The only way to recall what was said is to memorize. Memorization requires commitment. The memorizer must want to retain what was said. The process of memorization creates multiple connected sites in the brain. These sites function as cross-reference memory and retrieval storage.
Memories stored in the brain are connected in complex communication that is impossible for algorisms to ever achieve.
Digital Keywords are designed for similar cross-reference function, but not for memory and retrieval storage. Keywords can’t reliably connect you to what you’re searching for; context for the word searched varies too much for consistent usefulness. The brain is light-years better than any algorisms at connecting ideas-to-ideas.
Memorized words, re-memorized by succeeding generations, can last for millennia. That longevity happens because words honored by memorization are presumed to be remembered precisely, word-for-word.
There is a popular notion that stories remembered by oral tradition must surely have been altered and elaborated over the centuries. I don’t believe that notion is true.
I once heard a scholar of oral traditions describe his field work in many small villages located from the Middle East to Uzbekistan. He recorded long hours of story-telling by the local storytellers. If any of these storytellers made a mistake, the villagers would stop the storyteller, and correct the mistake.

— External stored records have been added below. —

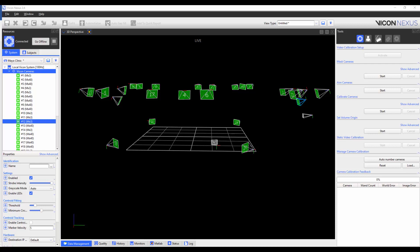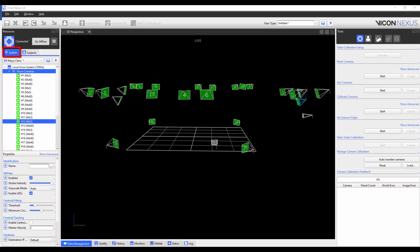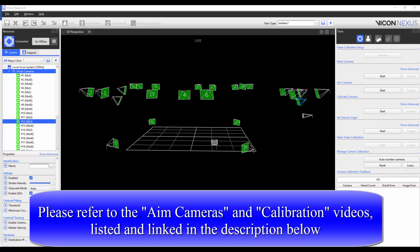To use this feature, please ensure that you are in Live mode, that all cameras are listed in the Resources pane, Systems tab, and that you have the cameras calibrated or aimed.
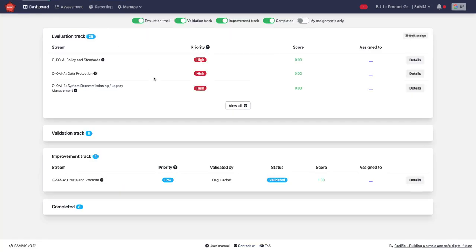By default, this is set up so that the teams assess themselves, but you can, of course, change these settings.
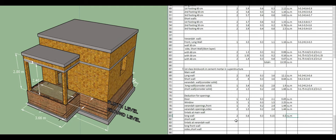For the short wall lintels: same process. Length based on short wall = 4 meters. Width = 0.3, height = 0.15 meters. Total quantity = 0.36 cubic meters.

There is a carry-over of oral tradition’s respect for word-for-word precision in sacred writings. The Dead Sea Scrolls read exactly as the same texts do today. Medieval monks were punished for small errors of transcription. Modern transcription is more open to doubt.
Memorized words will likely stay with you for the rest of your life. Next best for memory retrieval is writing. Words committed to paper or stone will outlast electricity. When your Kindle is reduced to ancient inoperable artifact, the books on your shelf remain ready to be read afresh.
Printed books have charms that digital books do not have. They stay put. In printed books, typeface and image persist in place as originally intended. Every digital platform twists pictures and words differently. Design is done away with, only data is preserved. There is no place in the digital world for the centuries-old art of book design.
Perhaps some future technologist will find a way to recover book design. Partial solution might be found in an apt that would allow PDF’s to be turned like pages in a book. PDF’s can be scrolled. Turning a page works better.
That’s why scrolls were replaced with books.
There are sensory pleasures in reading a material book that can’t be duplicated digitally; the smell of ink and paper, the contour of an emboss, the feel of the binding. There are also historical delights like marginal notes. Notes that may have been written by yourself years before, or by your grandfather even earlier, or by some other reader from even more years ago. Handwritten-words reveal personality as well as meaning. The very act of holding a book makes it more real and memorable than anything casually scanned from the internet.
Old books capture history, they physically connect new readers to readers past. Digital reproduction cannot do that. What is read digitally is rarely remembered. It tends to go in one ear and out the other. The reason for this is that we’re confident that recovering the information is only a digital click away. Why bother to remember it?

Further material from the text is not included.